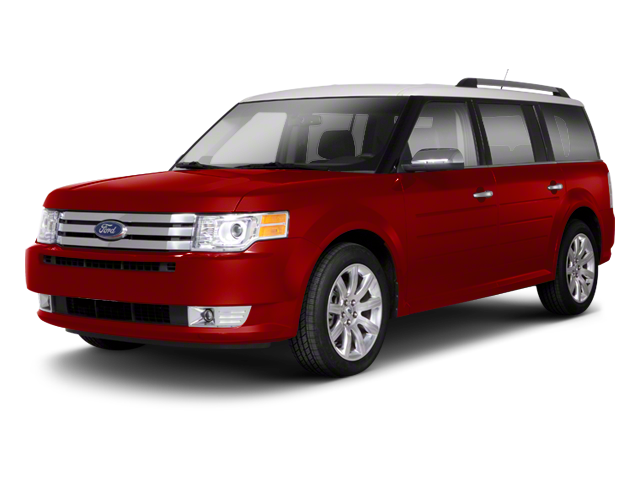 2012 Ford Flex SEL FWD's photo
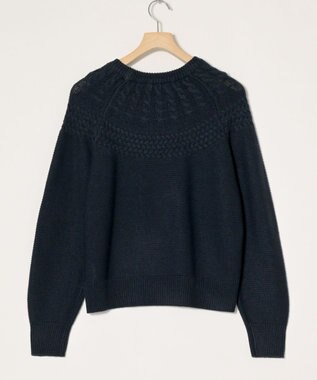 ONWARD Reuse Park 【any FAM】ニット秋冬 ネイビー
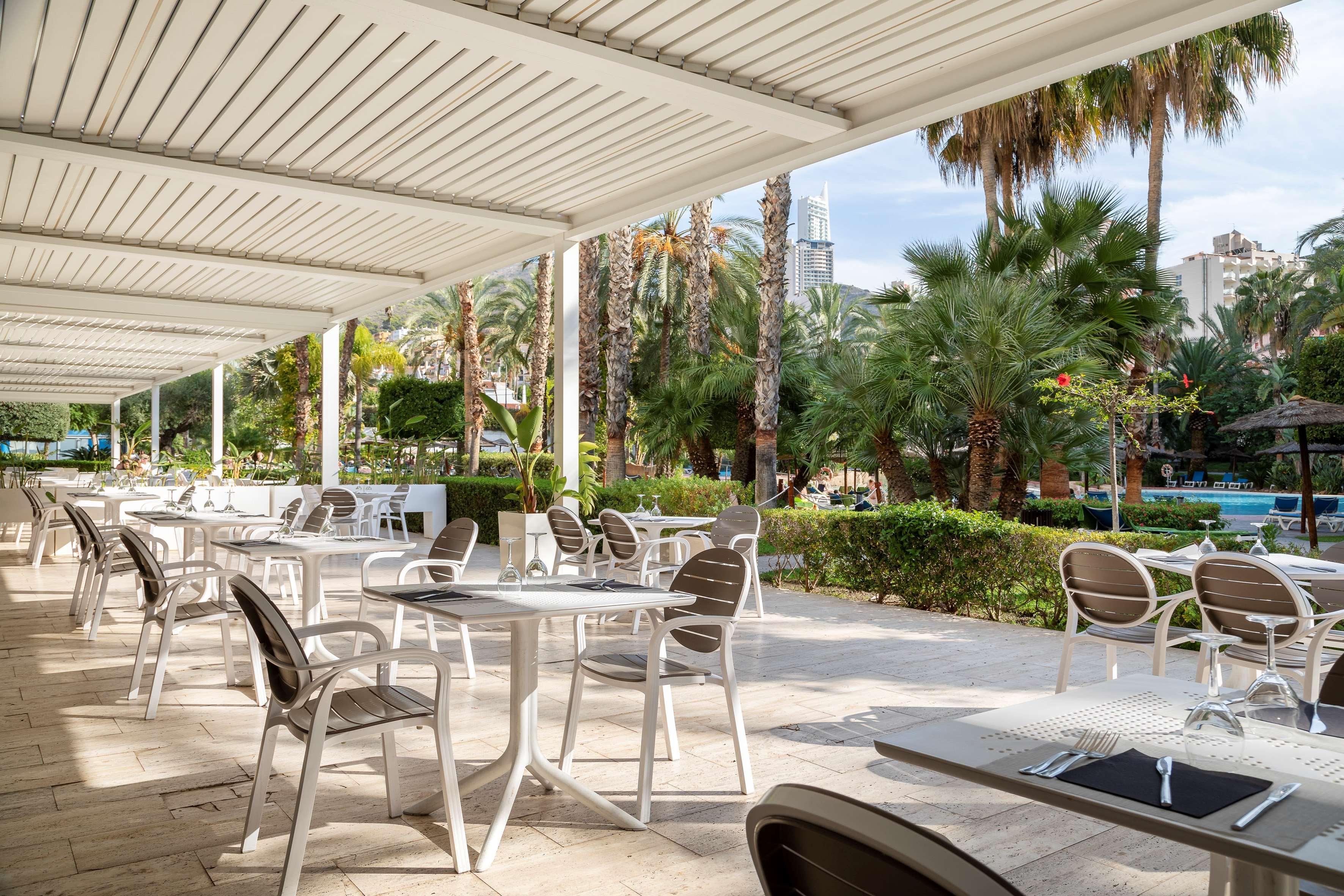 Melia Benidorm Otel Dış mekan fotoğraf
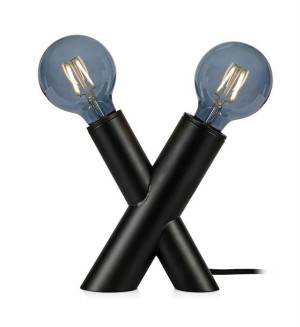 Lampa stołowa SIMULL czarna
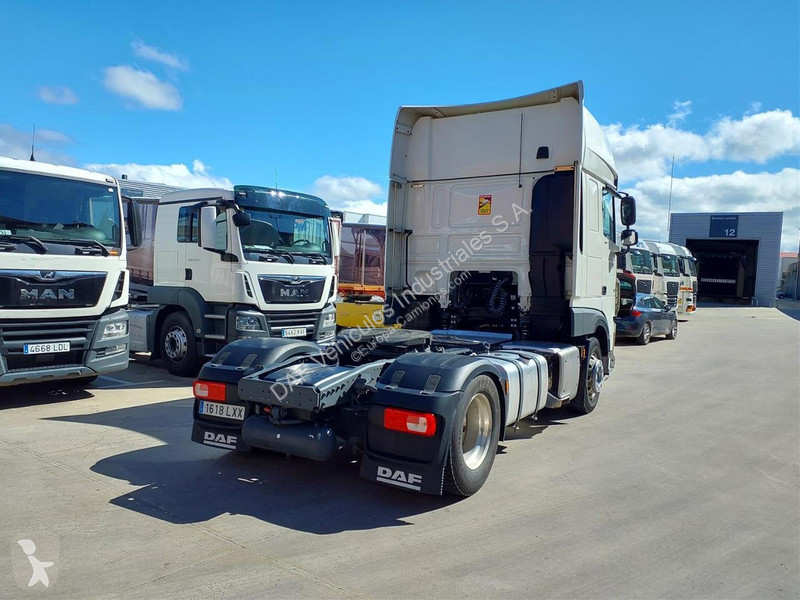 Tractor DAF 480 FT 4X2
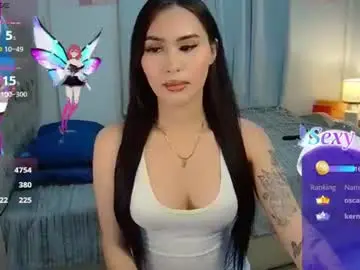 Chaturbate Nude Webcam of ts_pinayfoxxy18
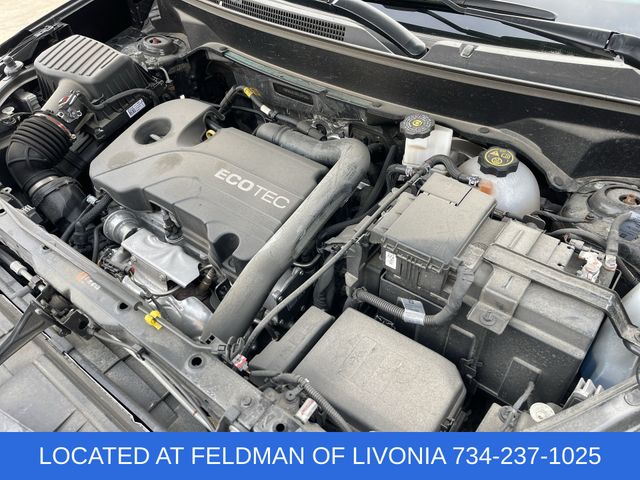 Used 2022 Chevrolet Equinox For Sale in Livonia, MI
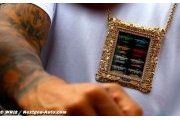 Hamilton takes control of own management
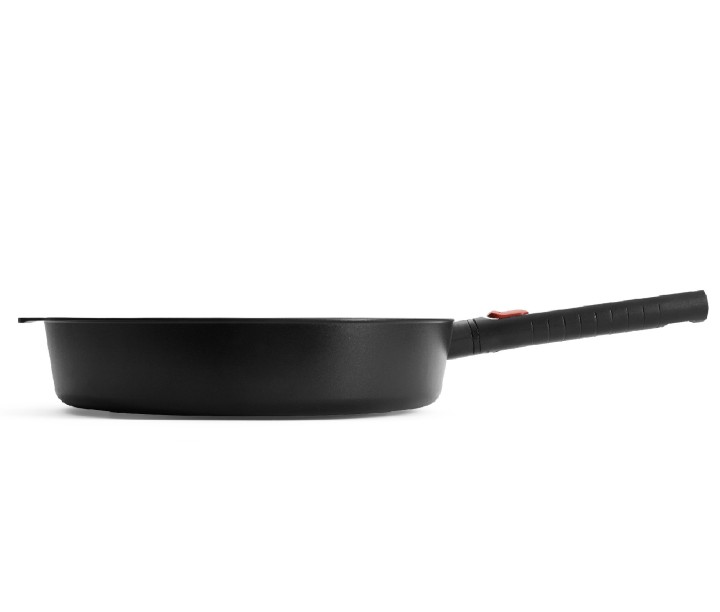 Sügav alumiiniumvalu pann WOLL „Diamond QXR eco Logic Induction" Ø 32 cm | 5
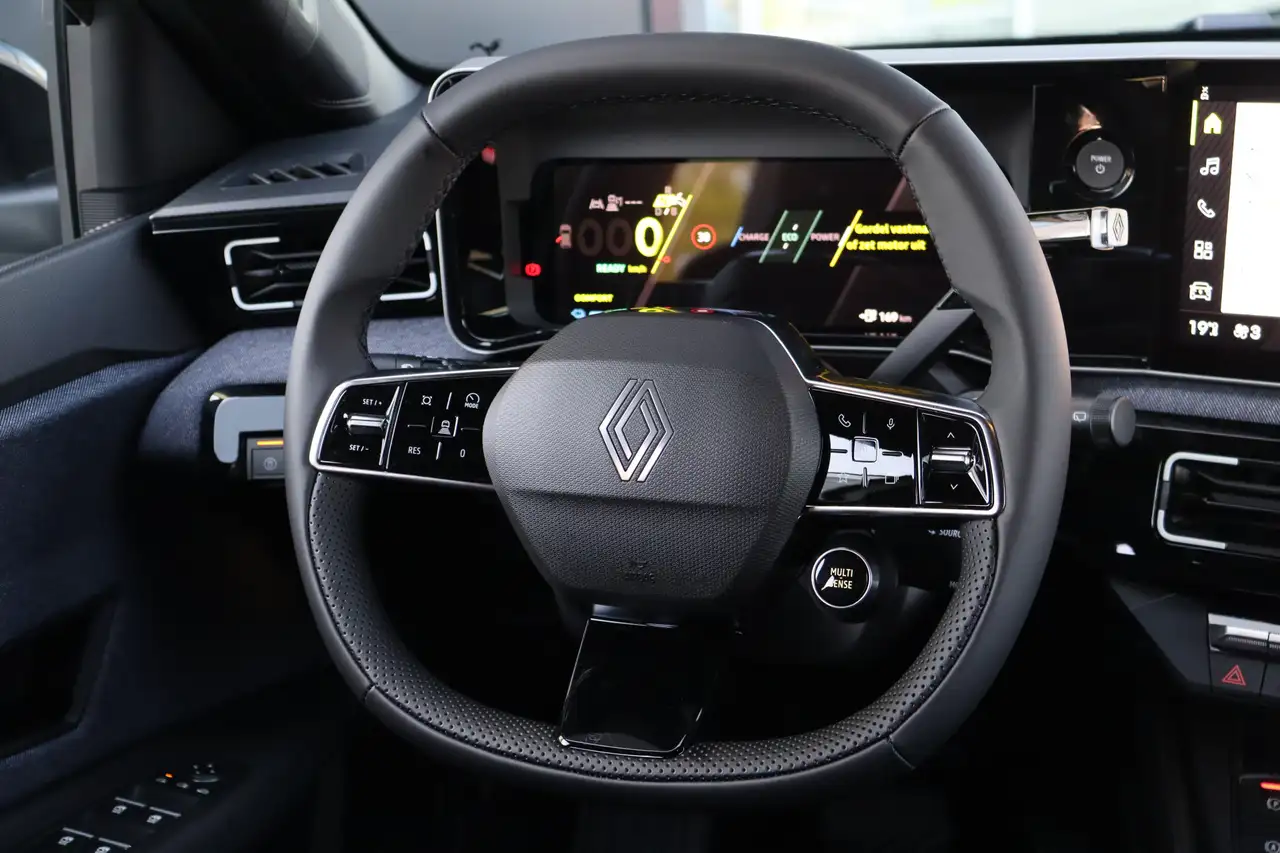 Renault R 5 comfort range techno 52 kWh EV | Demo | 5 jaar gar 6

- _Work item_
Pictures stay out of this copy; write out the entries above exactly.

- _Task output_
 2012 Ford Flex SEL FWD's photo
 ONWARD Reuse Park 【any FAM】ニット秋冬 ネイビー
 Melia Benidorm Otel Dış mekan fotoğraf
 Lampa stołowa SIMULL czarna
 Tractor DAF 480 FT 4X2
 Chaturbate Nude Webcam of ts_pinayfoxxy18
 Used 2022 Chevrolet Equinox For Sale in Livonia, MI
 Hamilton takes control of own management
 Sügav alumiiniumvalu pann WOLL „Diamond QXR eco Logic Induction" Ø 32 cm | 5
 Renault R 5 comfort range techno 52 kWh EV | Demo | 5 jaar gar 6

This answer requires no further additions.